Kader senin tercihindir
Herkesin kadere belli ölçülerde inancı vardır. Ama kadere, hayrın
ve şerrin Allah'tan geldiğine kesin olarak inanmak, imanın bir şartıdır.
Çoğu insan
hapishanedekilere diyor ki "Kader
mahkumu". Ne demek kader mahkumu? Eğer ortada özgür irade
ile şeçilerek işlenilen bir fiil varsa, kaderin ne suçu var.
Allah iki tür irade ile insanların kaderini yazmıştır. Dikkat edin bu nokta mühim. Önceden bilerek yazma söz konusudur. Birincisi
"külli irade" ve ikincisi "cüz-i irade” dir.
Külli irade; önceden Allah'ın imtihan olarak, insanlara takdir
buyurduğu olaylardır. Bunlar insanlara seçme iradesi verilmeyen olaylardır.
Örneğin, Tekerlekli sandalyeye bağlı bu hastalığı, ben seçmedim. Bu, bana
Allah tarafından imtihanımın bir gereği olarak verildi.
Bunun gibi insanların dünyaya gelme yılı, ailesi, ülkesi, rengi vs. hep
külli iradenin yani Allah'ın bizlere takdir buyurduğu kaderin parçalarıdır.
Cüz-i irade ise, Allah tarafından özgür
irademizle seçmemiz için verilen özgürlüklerdir. Ve yaptığımız her iyi/kötü her
seçimin ahirette hesabı var.
Mesela, televizyonun karşısına oturmayı, bilgisayara tercih ettik
diyelim. Hangi kanalda, hangi tür programı izlemeyi seçmeyi, hep bize verilen
bu cüz-i irade ile yapmaktayız. Haram
şeyleri izleyene günah yazılır. Faydalı şeyler izleyene sevap yazılır.
Kader’le tevekkül birbirini tamamlar. Yani bir öğrencinin üniversiteyi
kazanması kaderdir.
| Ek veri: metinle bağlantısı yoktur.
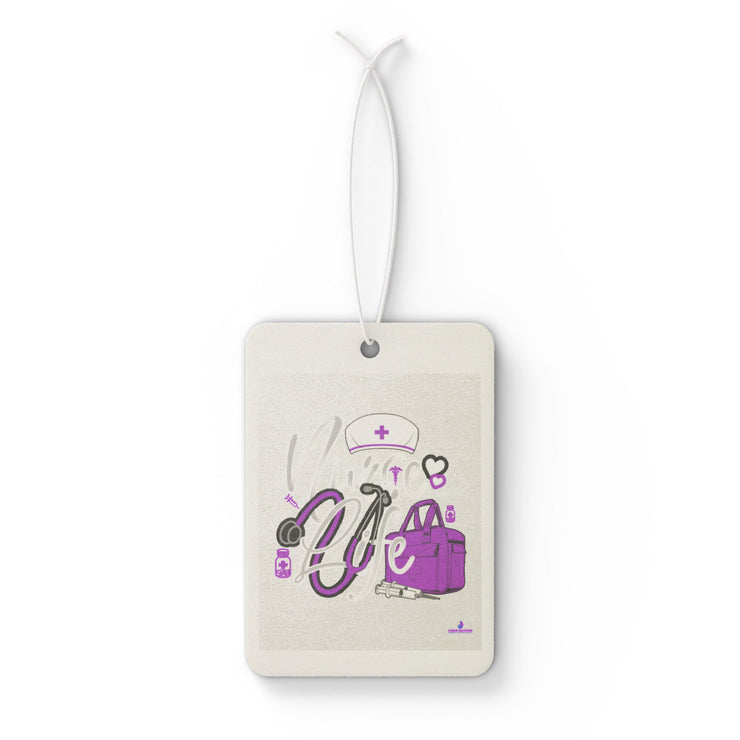 Nurse Life Car Air Freshener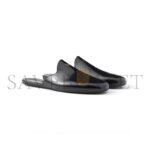 PRADA BRUSHED LEATHER SLIPPERS 2S2986 - Image 2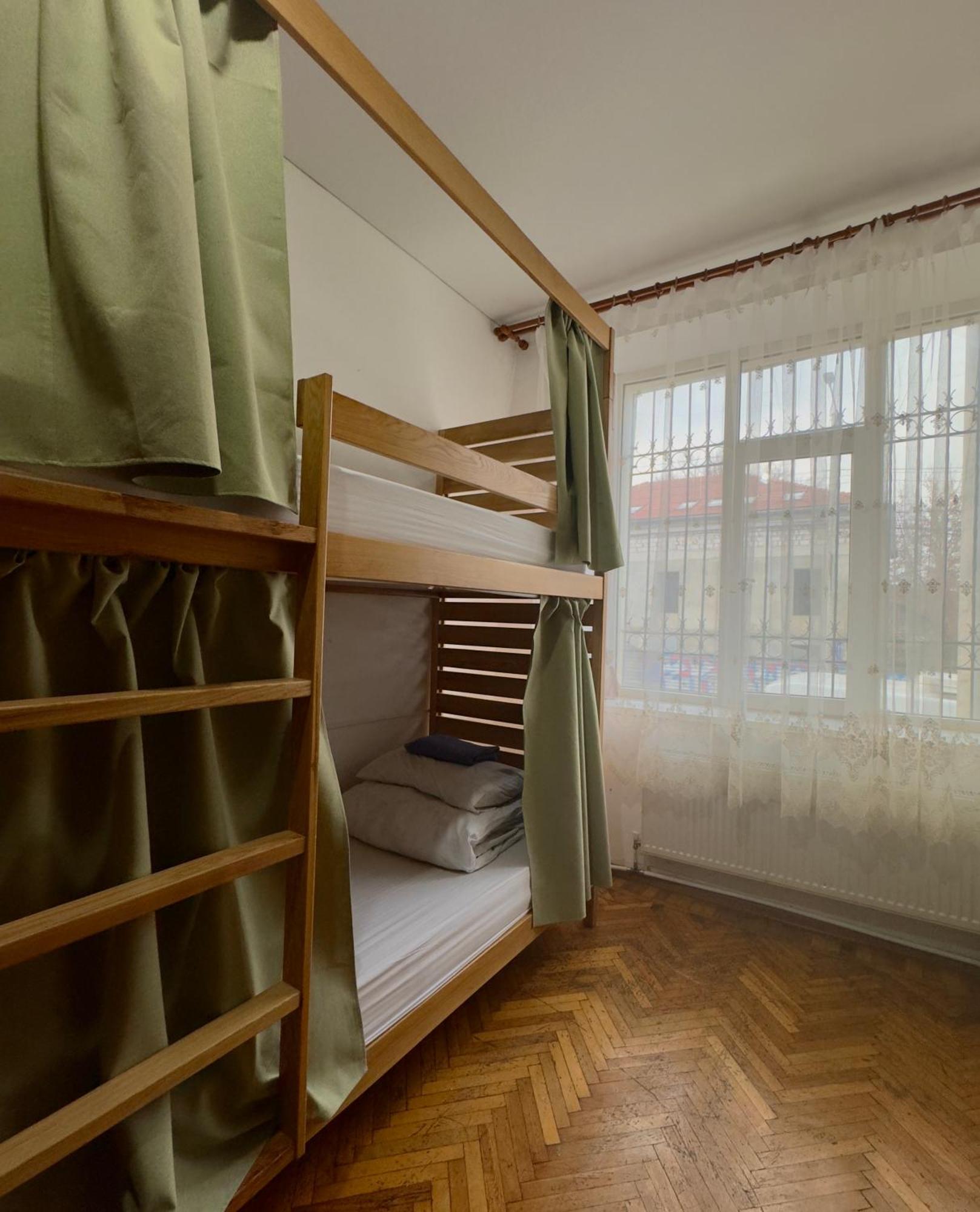 Buddha Hostel Bodoni Chisinau Quarto foto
Fakat, Öğrenci sebeplere sarıldıktan sonra neticeyi
Allah'tan beklemelidir.
Öncelikle çok çalışmalı, dinlenmeli,
uykusunu almalı, düzgün beslenmeli... Yani bütün şartları yerine getirip,
sonuçtaki bir başarı yada başarısızlığın Allah'ın takdiriyle oldugunu kabul
etmelidir.
Şimdi diyelim ki birisinin
elinde bıçak var. Ve bu bıçakla ne yapacağını kendisi seçer. İnsan da
öldürebilir, salata da yapabilir.
Ama olay şu ki, zaman ve mekanın
dışında olan Allah ezelden ebede olan ve olacak herşeyi sonsuz ilmiyle
bilmektedir.
Yani Allah olayları önceden biliyor. Mesela
bir adam Kasım-2013 de güneş tutulması olayı olacak diye bir deftere yazsa ve o
gün geldiğinde güneş tutulması olduğunda, olay adam deftere yazdığı için olmaz.
Bu misal gibi Allah sonsuz ilmi ile
gelmiş geçmiş bütün olayları bilmektedir. Bu örnek gibi önceden bilmenin olacak
olaylara etkisi yoktur.
Peygamberimiz SAV biliyorsunuz Allah’ın bildirmesiyle kıyamete
yakın ahir zamanda olacak olayları bildirmiştir. (Ahir zaman yaşadığımız bu devirdir)
(Kaderi tenkit eden, başını örse vurur, kırar. Rahmeti ittiham eden, rahmetten mahrum kalır. Bediüzzaman)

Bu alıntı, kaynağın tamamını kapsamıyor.